La protéine pol, qui joue un rôle essentiel dans la réplication du VHB, a longtemps été sur le radar des chercheurs. Molécule polyvalente, son importance se manifeste par sa taille ; elle est beaucoup plus grande que les autres protéines virales et entoure les deux tiers du génome circulaire du VHB, partageant l'un des cadres de lecture qui se chevauchent avec trois autres protéines.
Pour mieux comprendre ses composantes dynamiques, l'équipe de Rice a utilisé une nouvelle approche développée l'année dernière qui offre ARN dans des cellules cultivées pour produire du virus ADN, protéines et autres produits. L’approche leur a permis de découpler ou de séparer les fonctions des protéines dans des cadres de lecture qui se chevauchent et d’obtenir une vision plus claire de pol.
« Imaginez deux feuilles de papier transparent avec des textes différents empilés l'un sur l'autre. Si vous parvenez à retirer une des feuilles, elle sera plus facile à lire », explique Schneider. « C'est ce que ce système de délivrance d'ARN nous permet de faire. »
Ensuite, ils ont utilisé une analyse mutationnelle approfondie, une méthode à haut débit capable de révéler les mécanismes et les comportements de dizaines de milliers de variantes protéiques. Cela leur a permis de tester presque toutes les variantes possibles de la protéine pol et de voir comment elle répondait à chaque changement.
Ribosomes bloqués
L'une de leurs premières découvertes inattendues fut l'exigence stricte de acides aminés appelées prolines près de l’extrémité de la protéine pol. Ces molécules rigides sont connues pour ralentir les ribosomes, les machines moléculaires qui fabriquent les protéines en se déplaçant le long d’une molécule d’ARN messager et en traduisant le code en chaînes d’acides aminés. Plusieurs prolines consécutives peuvent arrêter un ribosome dans son élan. Et lorsqu’un ribosome s’arrête à un endroit particulier du code, il bloque temporairement la traduction.

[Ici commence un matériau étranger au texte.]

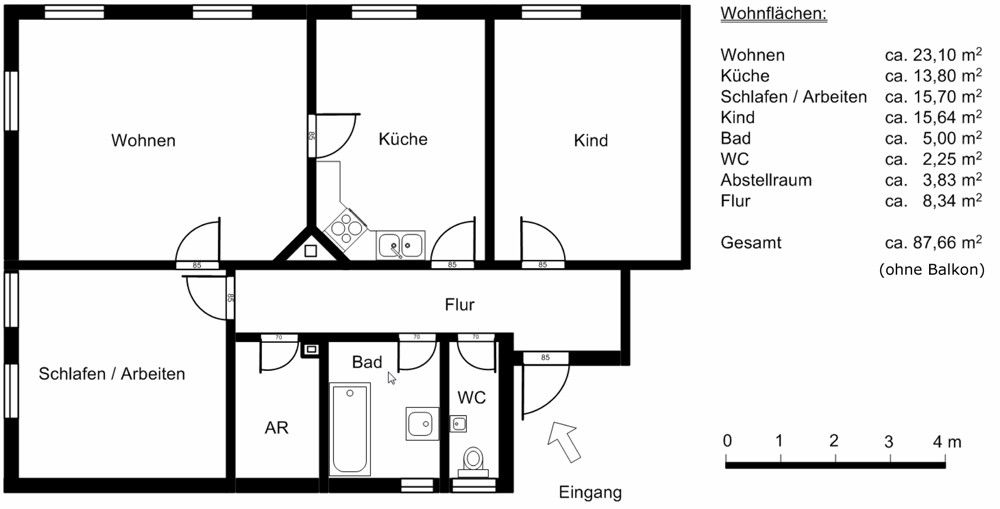 Grundriss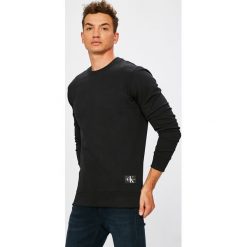 Calvin Klein Jeans - Bluza. Szare bluzy męskie Calvin Klein Jeans, z bawełny. Za 359.90 zł.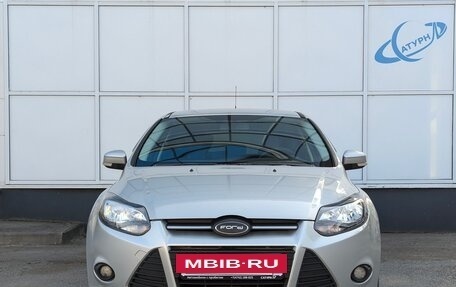 Ford Focus III, 2012 год, 630 000 рублей, 3 фотография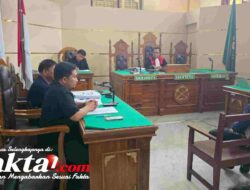 Kepling Tidak Dilibatkan Saat Penggeledahan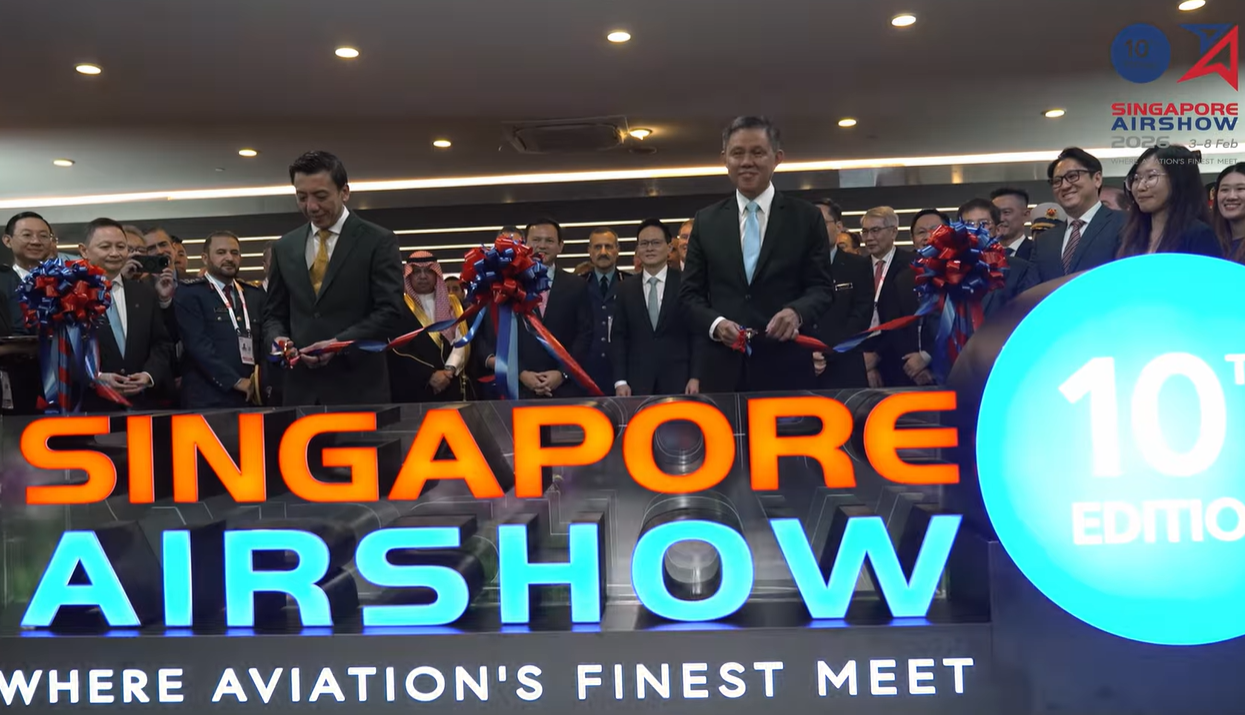 SA26 Trade Day 1 video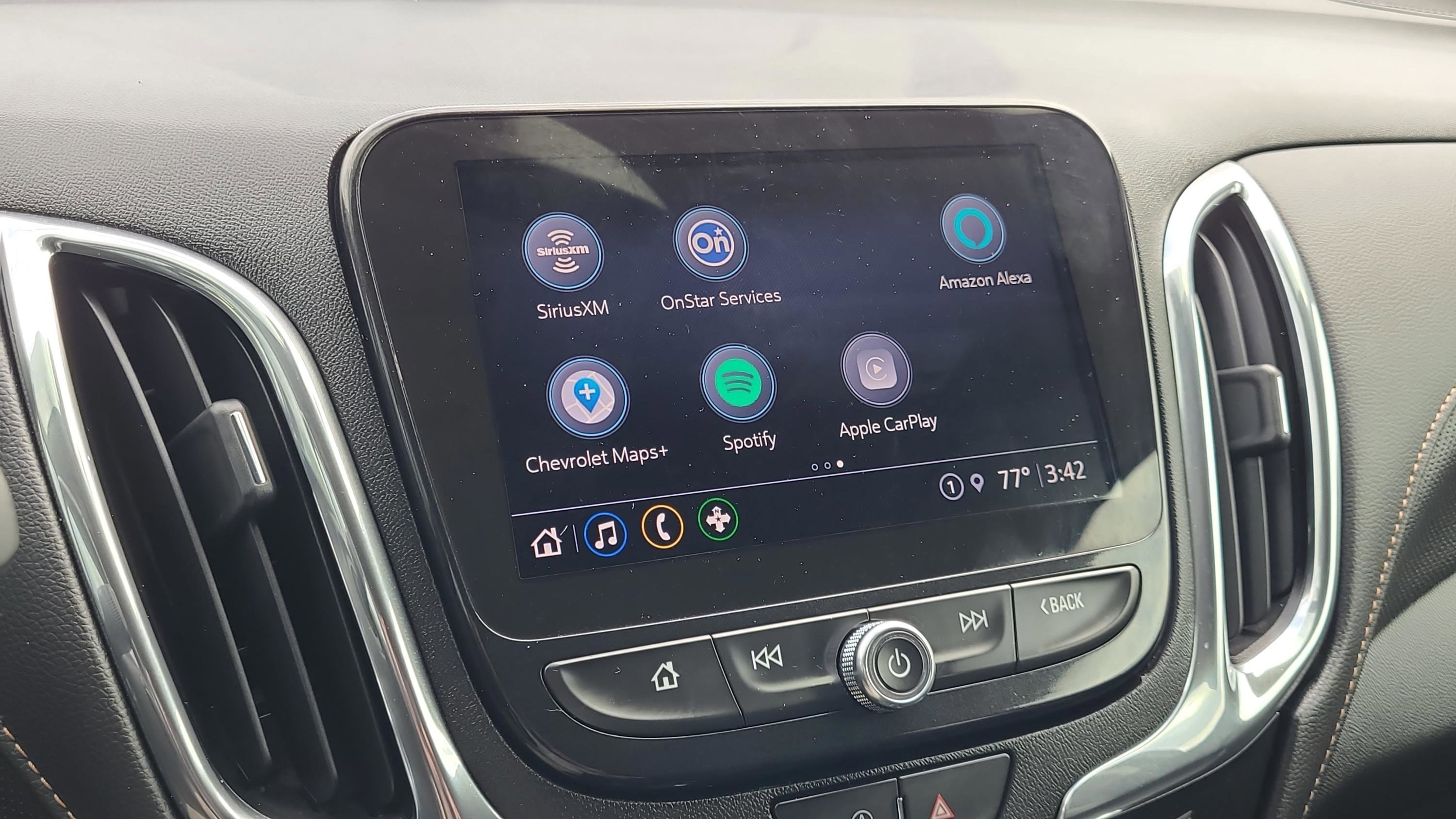 Used 2022 Chevrolet Equinox Premier w/ Redline Edition image 19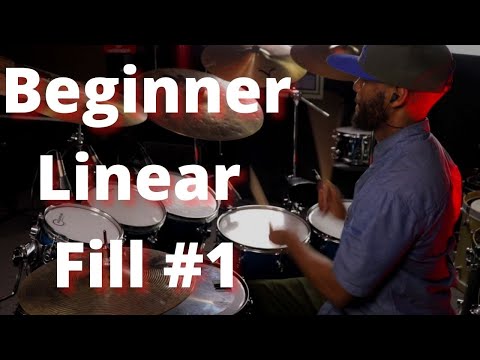 Beginner Linear Fill #1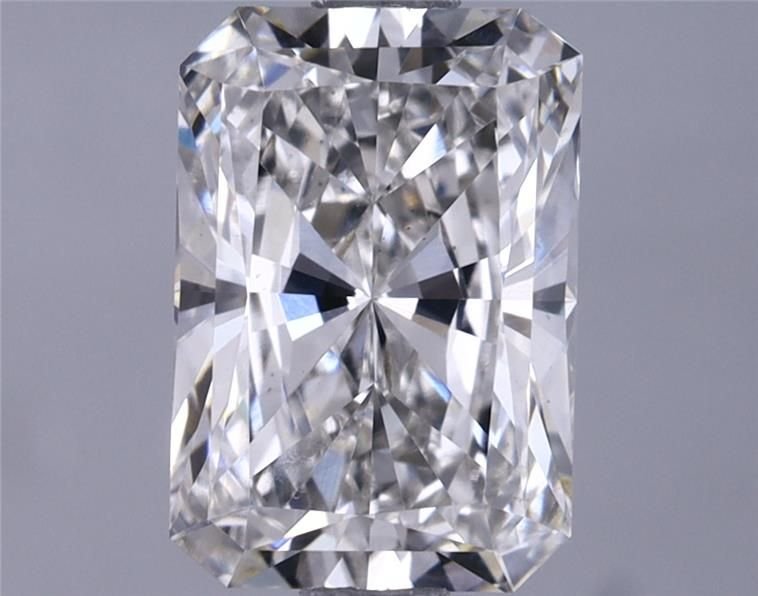 1.85 Carat Radiant Lab Diamond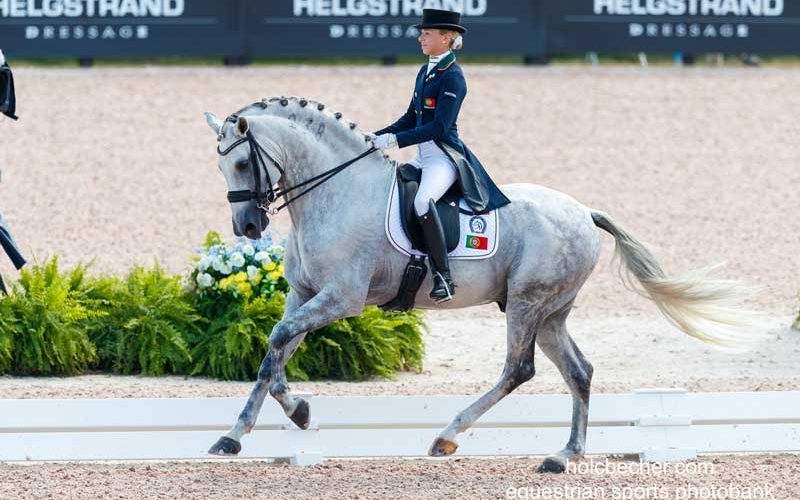 Maria Caetano Couceiro a melhor portuguesa no Ranking Mundial de ...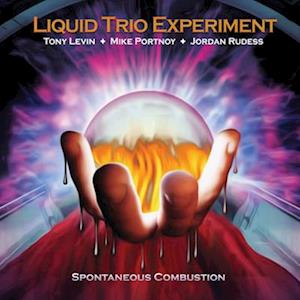 LIQUID TRIO EXPERIMENT - SPONTANEOUS COMBUSTION (PURPLE VINYL) (2LP)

Effectivement, ils ont découvert que les ribosomes qui construisent la protéine pol s'arrêtaient juste avant la toute fin, laissant la protéine attachée au ribosome comme un ballon attaché à la main d'un enfant.
« Il ne voulait tout simplement pas le lâcher », dit Schneider.

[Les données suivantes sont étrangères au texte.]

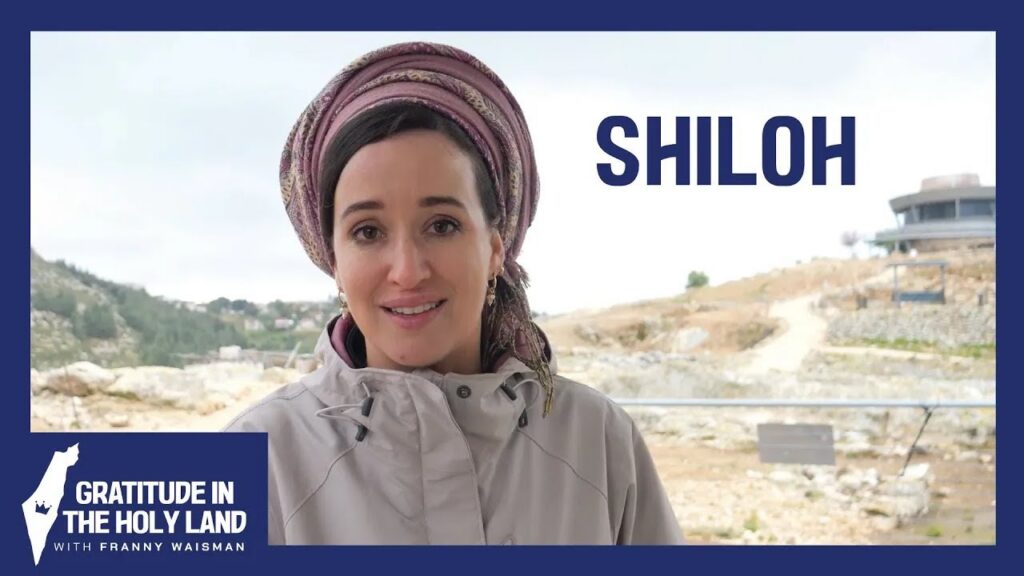 Shiloh - שילה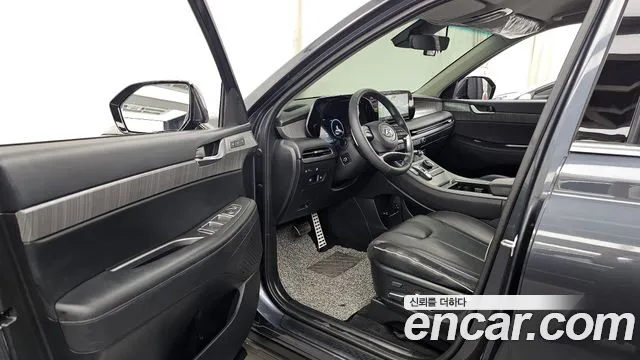 Hyundai Palisade The New Palisade Бензин 3.8 2WD — Фото автомобиля 9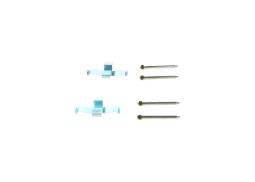 Accessory Kit, disc brake pad BOSCH 1987474030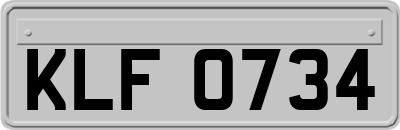 KLF0734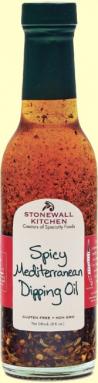 Stonewall Kitchen - Dipping Oil - Spicy Mediterranean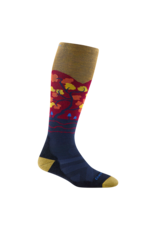 DARN TOUGH WOMENS ENCHANTED OTC MID SKI SOCK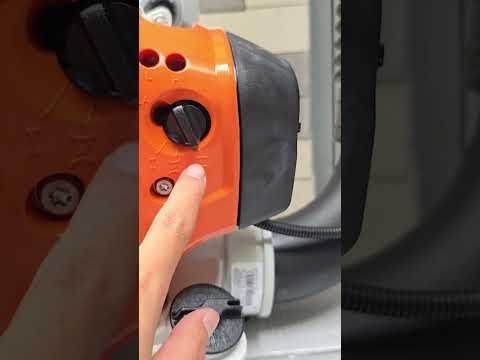 Máy thổi lá đeo lưng STIHL BR200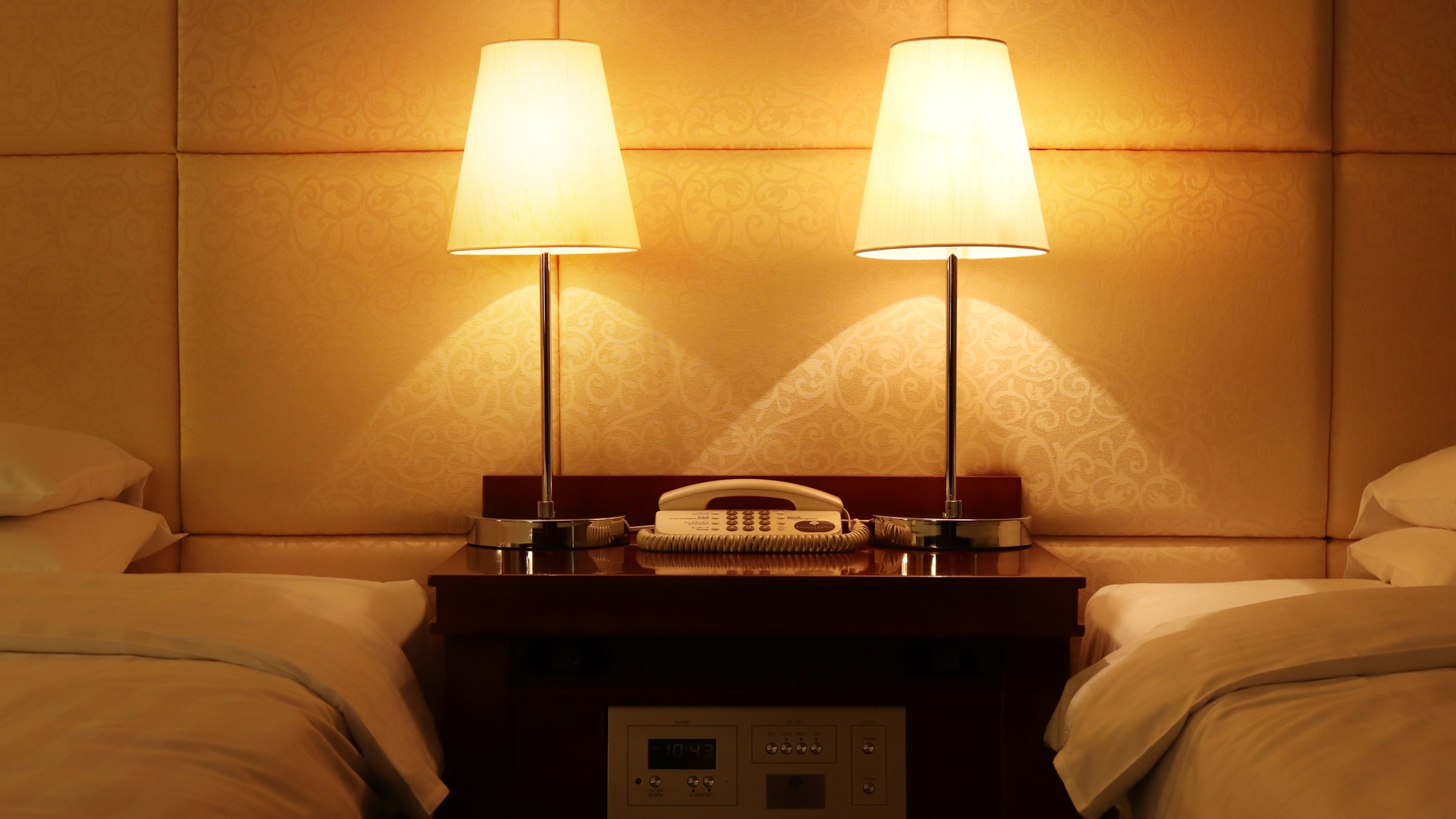 [Guest room] Please spend a relaxing time.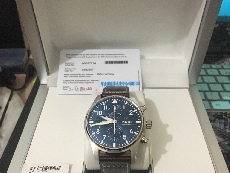 IWC万国表飞行员系列IW377714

Ils suggèrent que ce blocage pourrait donner à la protéine le temps de se replier correctement pour accomplir son travail et, surtout, augmenter les chances qu'elle se lie au bon ARN, celui qui l'a codé. C'est seulement alors que la protéine est libérée.
Viser de nouvelles cibles
On sait depuis longtemps que la protéine pol préfère transcrire de manière inverse l'ARN dont elle est issue (appelée préférence cis) plutôt que de trouver un autre ARN à copier, mais la manière dont elle y est parvenue (par le biais du blocage des ribosomes) était inconnue jusqu'à présent.

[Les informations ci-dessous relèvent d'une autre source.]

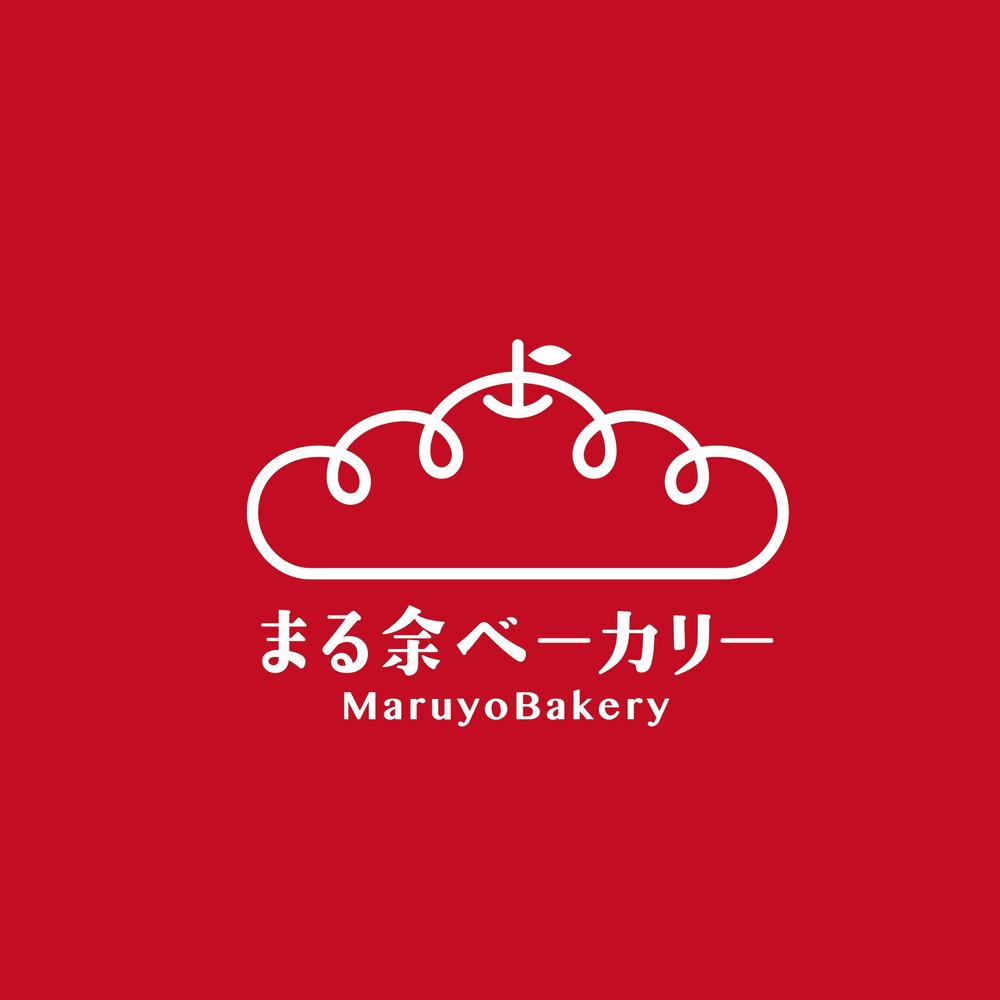 ベーカリーショップ＆ベーカリーカフェの共通ロゴ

Ce processus peut permettre à la protéine pol de propager uniquement des ARN éprouvés : par exemple, si elle est cassée, ne la copiez pas. Ou cela pourrait être par souci d’efficacité.
« Peu de protéines pol sont produites, donc le virus veut s'assurer que lorsqu'une protéine est fabriquée, elle peut faire son travail », dit-il. « La préférence cis par mécanisme d'attache permet probablement de garantir que la protéine ne flotte pas simplement dans la cellule à la recherche de son ARN apparenté. C'est un processus plus efficace.
Dans la prochaine étape de leurs recherches, ils exploreront comment manipuler la préférence cis de pol. « Une fois qu’on comprend un mécanisme, on a la capacité de le perturber et d’en découvrir les conséquences », explique-t-il.
Une idée consiste à empêcher le blocage des ribosomes en mutant les prolines qui déclenchent la pause. « Cela inhiberait probablement le virus, et cela pourrait rendre plus difficile le développement d’une résistance aux médicaments », dit-il.